It is not often that Beachcomber feels really ashamed of divers. This time I do.
When divers have read this report from one of my Northern Leaks, all will agree with me when I say that a fine would be inappropriate in this dreadful case.
Stronger measures are needed to deal with these divers with money but without morals.
Briefly, my Leak told of his Sunday dive to a sunken World War One U-boat. The boat must be treated as a war grave, as all 40 of her crew stayed down with it after it was heavily depth-charged in North of England waters.
My Leak and members of his club have dived the wreck several times but always observed the look-don't-touch-don't-enter rules of war-grave diving, as, they believed, had all other divers known to have visited the wreck since it was found some years ago.
This time my Leak found a RIB in position over the U-boat. He was not worried and put down another shot for his own group to dive the wreck.
He was shocked, however, as he made his way from the bow over the top of the casing towards the stern, to be confronted by a solo diver from the other boat "sitting on the casing and hacksawing away for all his miserable life was worth".
As soon as he saw the other divers, the hacksaw hacker finned off.
My Leak made his way to the stern, which, like the bow, is badly broken, and looked in. There, deep inside, was the hacksaw handler, beavering away with his saw on some brass gauges. Lines had been fixed inside to the deckhead from bow to stern.
The diver was clearly stealing brass parts from the interior of the boat, which he must have known was a war grave.
I asked my Leak why he had taken so long to get in touch with me about the September dive. He said he wanted to make sure of his facts - that the boat was a war grave - and he also wanted to check with the Receiver of Wreck about the Military Remains Act of 1986, and what it laid down about diving on possible war graves.

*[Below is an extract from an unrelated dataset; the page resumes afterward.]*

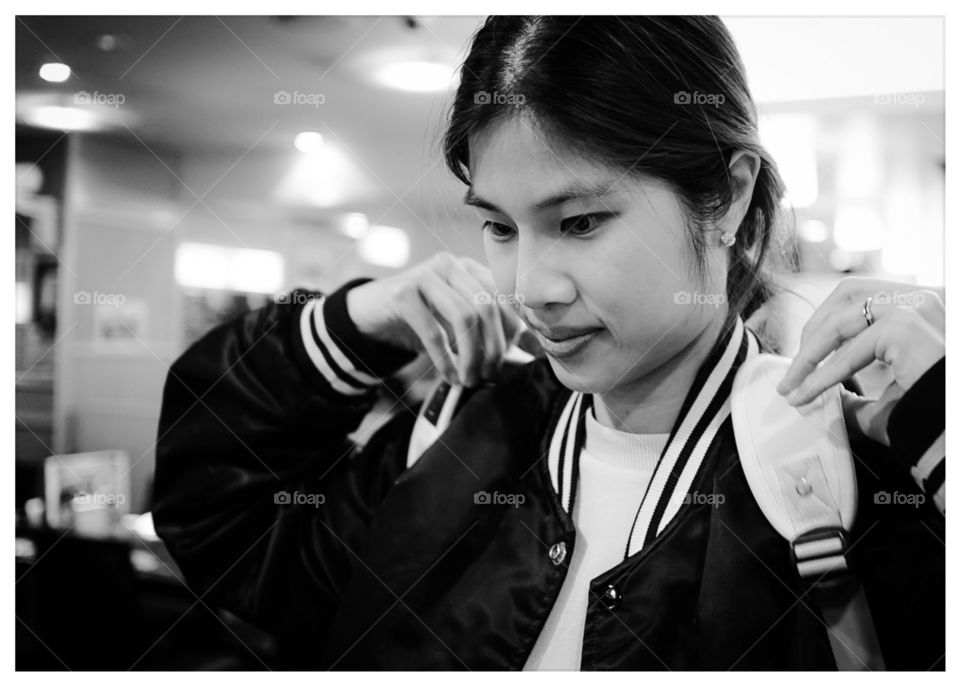 Japanese girl in baseball jacket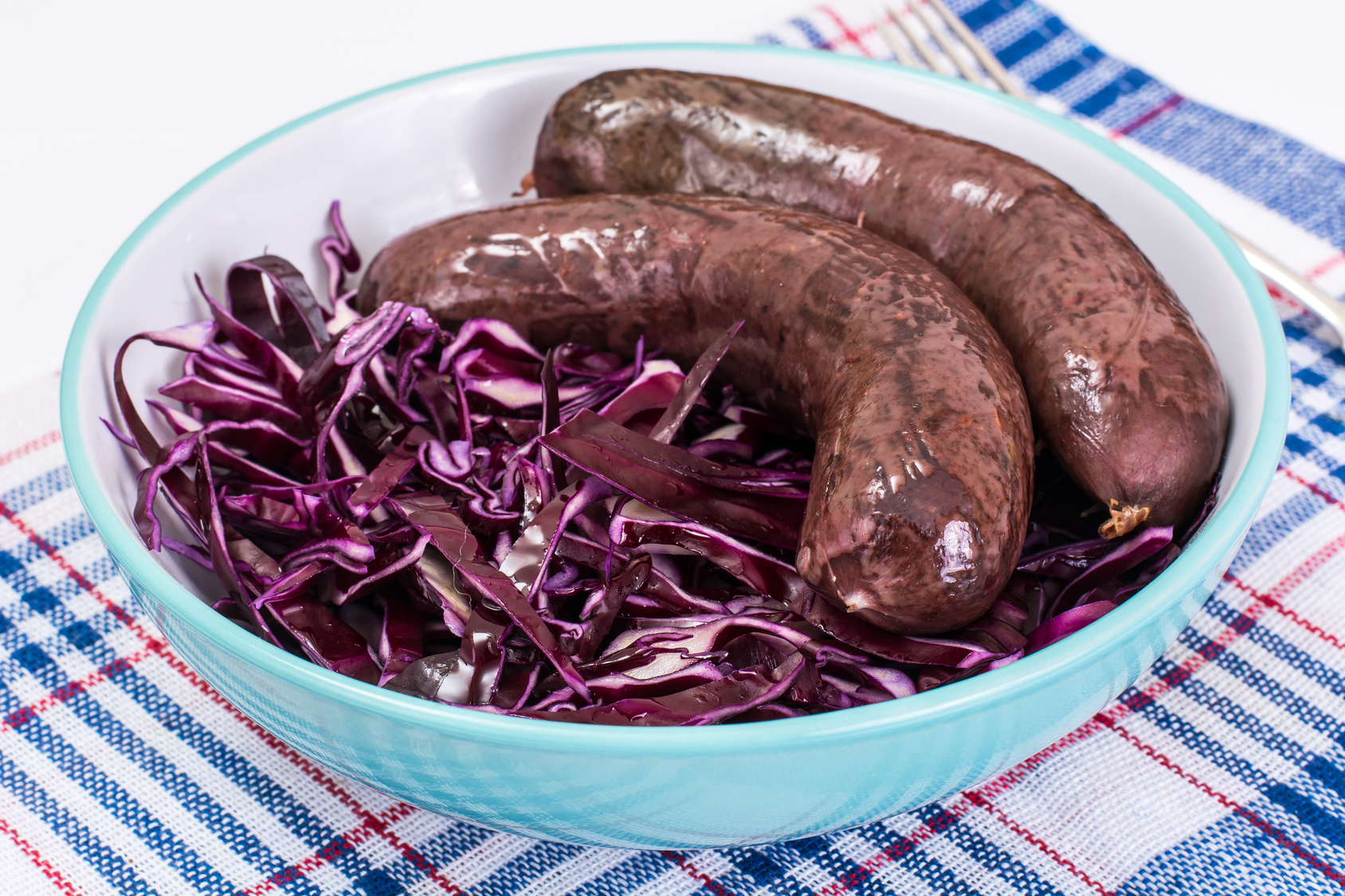 Homemade blood sausage with cabbage on a white background. Studio Photo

He said he had found out that the whole crew of the U-boat concerned had been killed in the sinking, but the submarine was not one that had been named and approved by Parliament, though it may be soon when a new list of war graves is announced.
He added that he had also hesitated because "he didn't want to get divers and diving a bad name".
His determination to speak out was finally strengthened by another diver telling him that human remains had been seen on that U-boat by divers looking in through a hole in the pressure hull.
Beachcomber knows that divers respect wrecks, and war graves even more so, but one bad apple in a barrel makes people think that all are rotten. So even a mammoth fine is not the way to deal with this bad apple.
But spotlighting him in Beachcomber's column and pinpointing him as a grave robber caught in the act may make him stop such desecration.
So if you know a group of divers in the North who dive from a Humber orange RIB of about 6m powered by a 140hp Yamaha outboard, and boast about their "souvenirs" from a German World War One U-boat, tell everyone about them, name them to your friends, or tell them we don't want them in British diving.
Refuse to dive with them. Finally, send me their names and club and Beachcomber will take it further.
And now for something completely different. We are back to the old Sheet Bend Knot controversy.
I had not intended to return to this subject, but masses of Beachcomber's readers have written in about it - many, I am sad to say, believing that the real name of this useful knot was the "Sheep Bend".
I can understand this mistake, as many decompression experiments in diving's early days were carried out on sheep, who were believed to bear a remarkable likeness to Navy divers.
Among my latest correspondents was one who has just passed his PADI Instructor exam. He notes that to do so, among many other tasks, he was required to tie, under water, a bowline, sheet bend and two half-hitches.
He may have to teach them, he says, so it's only right that he should learn them.
You will remember that all this business about divers tieing knots started when one PADI IE candidate was failed because he could not tie a sheet bend.
He got very cross about it and became even worse when he was told that he would have to take his Open Water again. I fined the man who failed this candidate five crisp cracklies for the Diver Lifeboat Fund.
However, a very senior PADI course instructor instantly wrote to say that I had fined the wrong man. I should have fined the man who threatened the candidate with having to retake his Open Water, not the IE examiner, and I should have doubled the fine as the man had not only been rude but unprofessional.
Though I accepted this advice and upped the fine, I have to tell you that I am still waiting for ten crisp cracklies from the right man - who, my Leaks tell me, also calls the knot a Sheep Bend.
All he has to do to ensure my silence about his name and occupation is to send the doubled fine to me quicker than a sheep can say baa... or I shall set my sheepdogs, better known as Leaks, to round him up.
If my main story was depressing, Beachcomber was equally perturbed to hear that divers visiting the Red Sea - not British - had stolen
a British Legion Remembrance poppy that had been fixed to the Thistlegorm, the popular wreck sunk by a German bomber in 1941.
So it was very cheering to hear, and to see confirmed in divEr last month, that British divers had replaced the missing poppy with a new, plastic one supplied by the British Legion.
The divers were members of the RAF Cranwell Sub-Aqua Club and RAF London Sub-Aqua Federation. Service divers, yes, but this is more the sort of behaviour we expect from our divers - indeed, all those who care about the good name of diving.